CUDA on 2x260 what hardware is the best for me?


I am about to order a hardware for heavy CFD simulations. The main part of this simulation will be carried out on GPU. So, I would like to have 2 times 260 GPUs. Additional requirements, really large amount of main memory and at least 8 cores of CPU (I have mixed CPU/GPU solver).

So, I find out one configuration but I do not know does it work with CUDA, (I mean 2 GPUs together or not).

The configuration has the following items:

  1. Tyan Thunder n3600M, nForce Pro 3600 (dual Sockel-F, dual PC2-5300R reg ECC DDR2) (S2932G2NR) 2x PCIe x16
  2. 2x AMD Opteron 2350 B3, Sockel-F boxed, 4x 2.00GHz, 4x 512kB Cache, 2MB shared L3-Cache (OS2350WAL4BGHWOF)
  3. 16x Aeneon DIMM 4GB PC2-5300U CL5 (DDR2-667)
  4. 2x Colorful GeForce GTX 260, 896MB GDDR3, 2x DVI, TV-out, PCIe 2.0

Please, advise me can I see 48 multiprocessors and 1.7Gb of GPU memory on this configuration or I should consider other hardware?

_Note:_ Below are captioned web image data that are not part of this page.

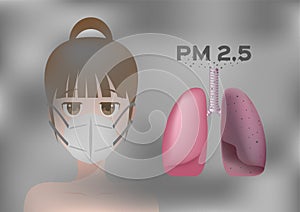 Mask pm 2.5 protection  with women face . pollution air / lung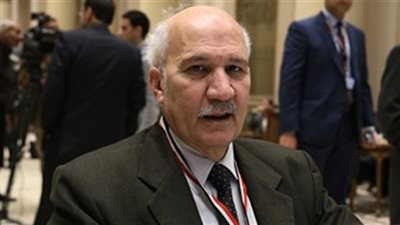 رئيس حزب التجمع يطالب بإلغاء الدعم عن الأسرة حال إنجابها الطفل الثالث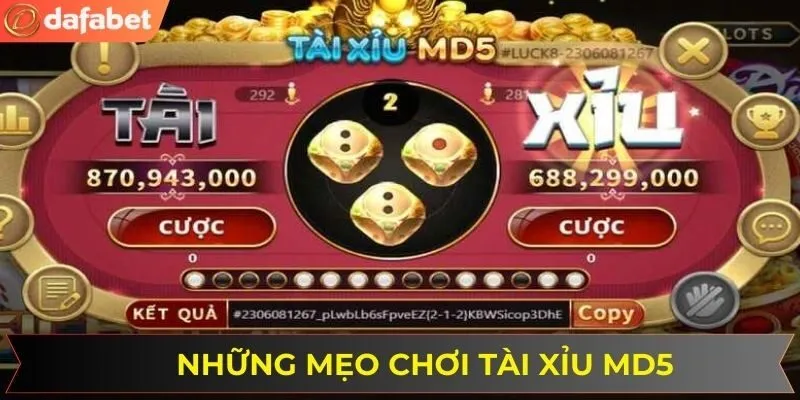 Những mẹo chơi tài xỉu MD5 giúp nâng cao khả năng chiến thắng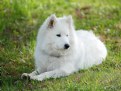 Picture Title - Samoyed III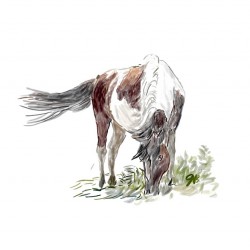 Island Pony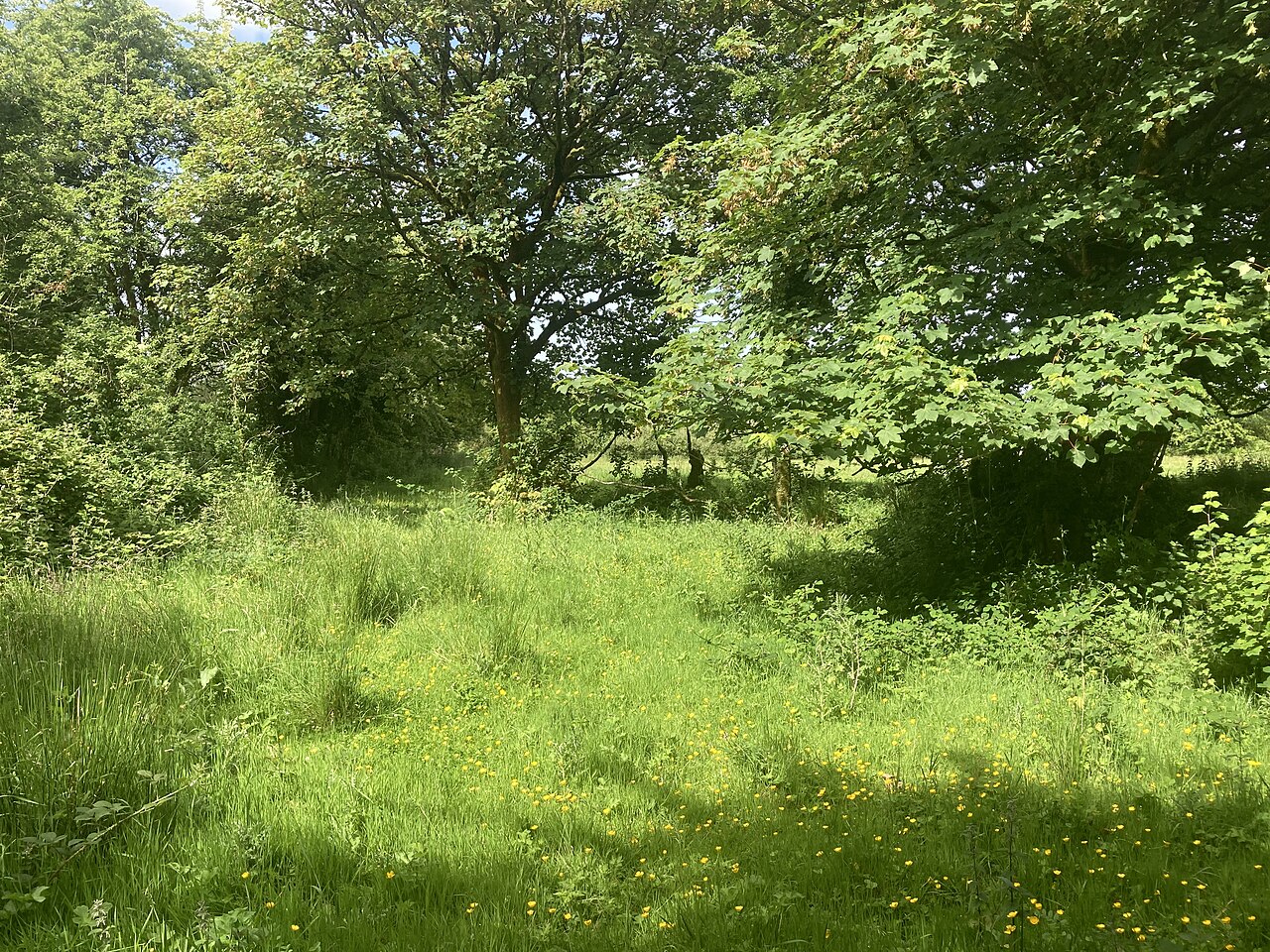 A traditional Irish landscape of small fields and hedgerows in County Roscommon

EDIT: forget to say that this computer will run under Linux.

Thank you!



That motherboard should work but note it has only PCIe 1.0 x8 slots. Ideally if you’re transfer limited at all, you want x16 PCe 2.0 slots.

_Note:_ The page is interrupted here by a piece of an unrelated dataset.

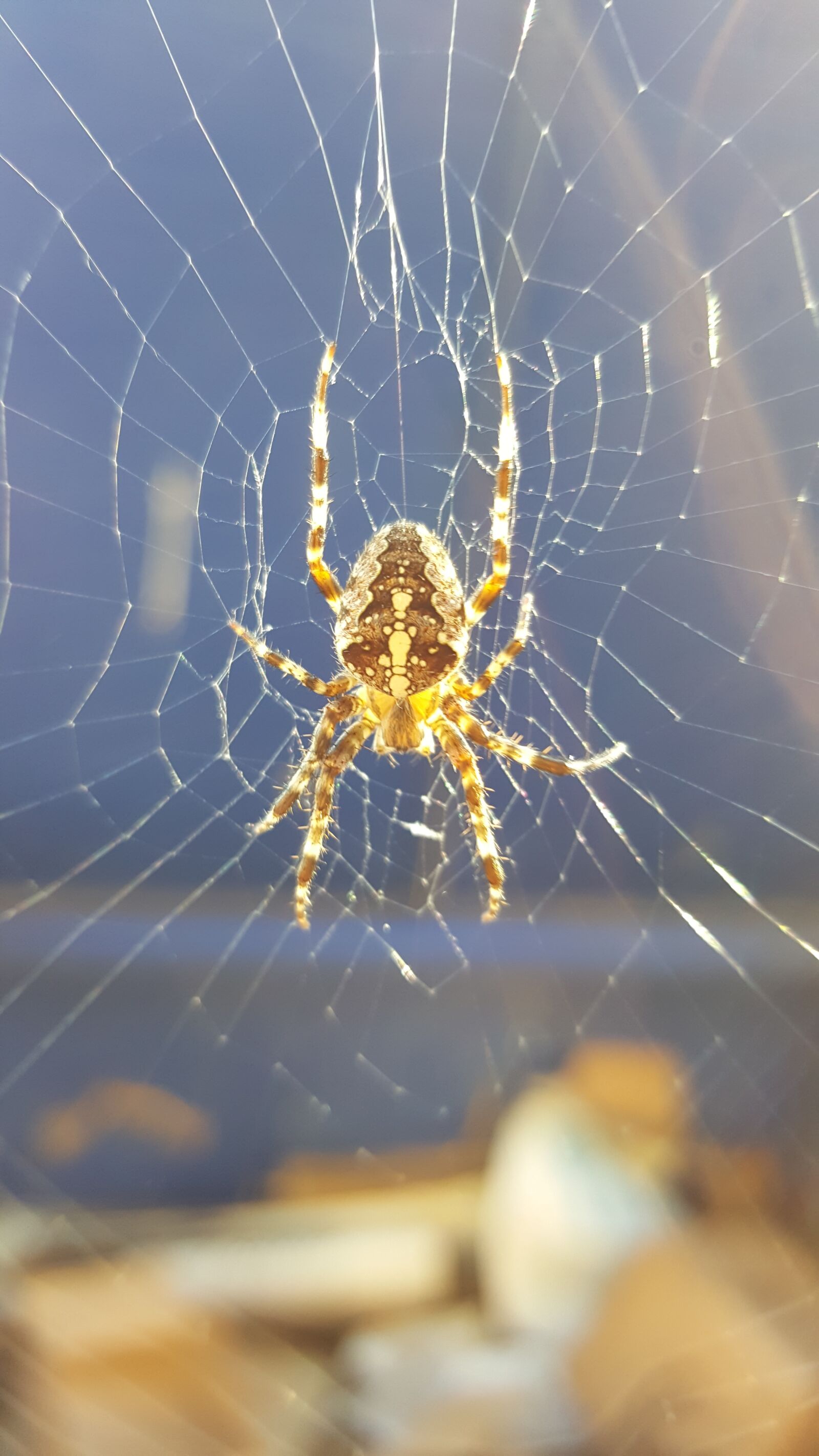 Samsung GALAXY S6 edge sample photo. Spider, poison, animal photography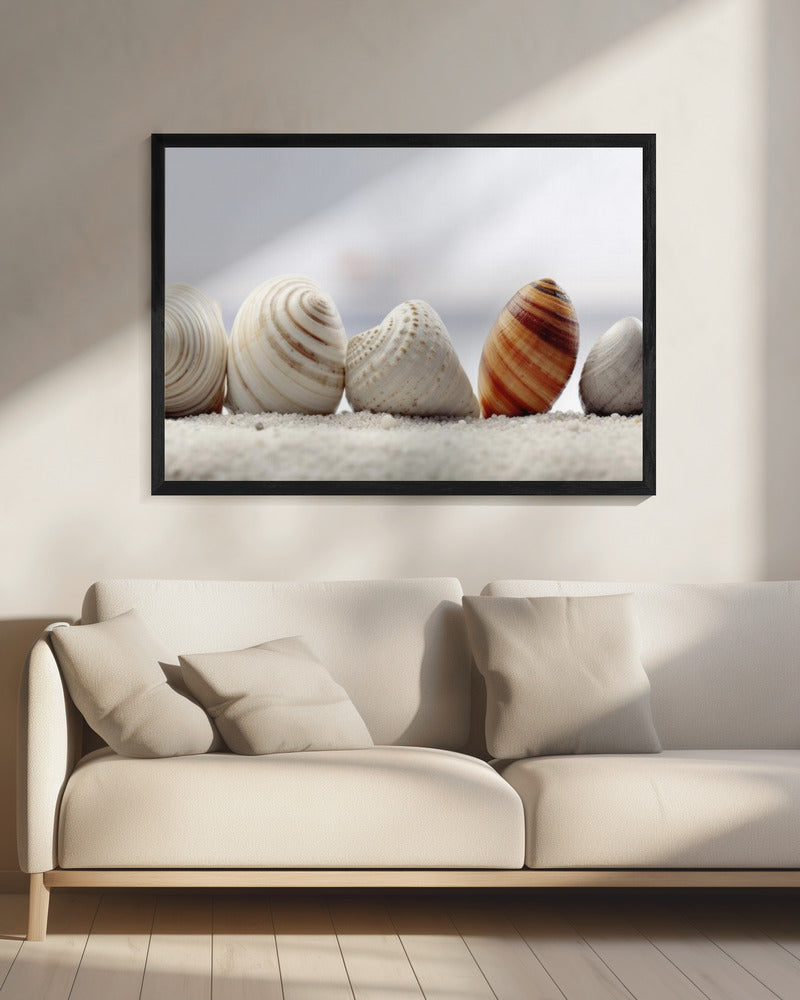 Muschelsymphonie | Leinwand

If you’re going to invest the $ in such a powerbox, why did you pick the GTX260 and not the 280 or a Quadro?
Extra speed is good, but GPU memory can be even more limiting.

It all depends on your application’s bottlenecks of course.

Hi, SPWorley,

thank you for your kind answer!

You are right about 280, it could be faster, but there is only about 10% increments in the GPU memory. My application is bounded on the GPU memory, not on GPU performance :( It sums large vectors, and since GPU memory 50-100 times faster than the main memory of CPU, my application works also 50 times faster. I did not consider Quadro or Tesla because it is very expensive… (3000$ for Quadro, and only 300$ for 260, am I right?) I want to build this computer with the budget about 3-4K$.

I picked up PCIe 8x only because I did not find a mother board with 16 DIMM slots and 2 PCIx 16x.

What is planning to do, is a development and small computations of supersonic (20Machs) Bltzmann simulations with one new deterministic method. It requires a huge memory, and the computations are organized such a way that:

  1. 80% time is running GPU kernel with maximally large data;
  2. 10% is data transfer between main memory and GPU (also can be fully asynchronous with the point 1 but not yet implemented), in the case of PCIe 8x/16x it is still not so difficult for me, since it can be asynchrony! Actually
  3. 10% of double precision computations that is impossible to port to GPU because of very complicated mathematical algorithms.

Hence, I need:

  1. the main memory as much as possible (64Gb in my configuration)
  2. GPU with 1.3 CUDA capability (otherwise my kernels does not work)
  3. maximal possible amount of GPU memory (the difference between 260 and 280 is only 10%)
  4. 8 cores on CPU are using only for faster memory access of my 10% double presision CPU computations.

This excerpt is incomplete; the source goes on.